I’ve come across dozens of articles that discuss this same topic while working on my builds and as best I can tell they’re mostly all copying from each other, very unhelpful. They often don’t well explain things outside of parroting what the Kubernetes components are, provide an insight in to why things work or offer solutions to the various networking and high availability challenges that working outside of the cloud presents.
My aim in this project is to deploy a Kubernetes cluster which:
- Runs on virtual servers running on my existing VMware ESXi Host (for as little as possible)
- Is deployed and configured with as much automation as possible (or as much as is useful)
- Provides a platform to run several apps at once full time and have space to run several more
- Can use a local NFS server to manage persistent volumes
- Is highly available and stays up in the event that a VM crashes or needs to be rebooted
- Can run for the long term but doesn’t become a complete nightmare to manage
Roughly, that should look something like:
Looks simple on paper, how hard could it be?
Building the nodes is a straightforward process in VMware but specification and how we juggle virtual hardware resources is important. With the method we’re going to employ, which will ensure that we can stay highly available and load balance services, we should have at least three Control Plane Nodes to make up the Control Plane and at least three Worker Nodes to make up the Data Plane.
We’re going to allocate our resources as below:
|VM Name||vCPUs||RAM (GB)|
Whilst Kubernetes does not enforce a memory requirement, kubeadm (the tool which we’ll using to bootstrap Kubernetes) does by default enforce a minimum of 2GB. To that end, our Control Plane nodes are going to get 2GB each and our Workers are going to get 4GB each.
If you are running on a host with a very limited amount of RAM (like I am) you can squeeze out some more memory still. VMware happily supports Memory Overcommitment but things could go wrong fast under load, so when building our Workers we need to ensure that they are set to Reserve all guest memory on the host, ensuring that they will always have access to the full 4GB at all times:
The Control Plane nodes will handle relatively little load in a lab and can be happily left without this configuration (based on my observations their load has not raised much above 1GB for the use they have seen on a home network).
Before diving in, we will need to think about how we’re to lay the host network out.

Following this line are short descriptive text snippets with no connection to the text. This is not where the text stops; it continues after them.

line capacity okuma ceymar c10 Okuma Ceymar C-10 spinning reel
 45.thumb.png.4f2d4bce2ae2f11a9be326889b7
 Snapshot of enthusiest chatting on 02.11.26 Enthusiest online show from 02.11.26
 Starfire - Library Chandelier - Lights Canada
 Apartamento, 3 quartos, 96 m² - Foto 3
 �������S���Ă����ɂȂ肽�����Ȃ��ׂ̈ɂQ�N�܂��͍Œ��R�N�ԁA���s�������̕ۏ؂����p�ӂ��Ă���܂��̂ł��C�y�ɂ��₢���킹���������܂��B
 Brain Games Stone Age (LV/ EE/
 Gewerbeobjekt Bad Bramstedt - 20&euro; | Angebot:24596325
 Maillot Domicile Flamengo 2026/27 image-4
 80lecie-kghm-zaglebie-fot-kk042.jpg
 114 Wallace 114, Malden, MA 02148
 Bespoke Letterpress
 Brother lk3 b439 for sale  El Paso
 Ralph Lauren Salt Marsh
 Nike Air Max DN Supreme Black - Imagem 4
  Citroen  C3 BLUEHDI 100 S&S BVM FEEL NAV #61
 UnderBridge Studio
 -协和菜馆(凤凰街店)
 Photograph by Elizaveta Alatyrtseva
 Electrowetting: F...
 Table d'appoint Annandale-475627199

The VMs are configured with a single NIC each (ens160) as below:
I have also reserved the following IPs range on my host network for use by Kubernetes:
|192.168.1.225-234||Any Kubernetes LoadBalancers|
- In order to reliably serve the Kubernetes API, we will also be configuring a DNS hostname which resolves to it’s IP address (I’ll be using a bind9 DNS server but in a pinch you can use your hosts file). The hostname I’ll be using is k8s.tinfoilcipher.co.uk, you should use something suitable for your network.
- A fairly large range should be saved for LoadBalancers as these will be used to expose applications which are running inside the cluster when needed.
Finally, we will also need to define a two large, separate subnets used to:
- Serve the Pod Overlay Network (this serves unique IP addresses to Pods)
- Serve the Clusters ClusterIPs for internal Services
It is important to be sure that both of these ranges can provide a large DHCP pool which will not easily exhaust and will not clash with anything on the host network. To make our lives easier, we will be using the defaults for both the Service Range (as used by kubeadm) and our Overlay:
|10.244.0.0/16||Flannel Overlay Network|
Chose all of these addresses to suit your own network. Now let’s get the VMs created.
Building the VMs
To get the deployment started we’re going to need to create Virtual Machines in VMware. I won’t go through the process step by step, if you made it here you probably already know how to do that. I’ll be using Ubuntu 22.04.02 (the current latest LTS release at time of writing).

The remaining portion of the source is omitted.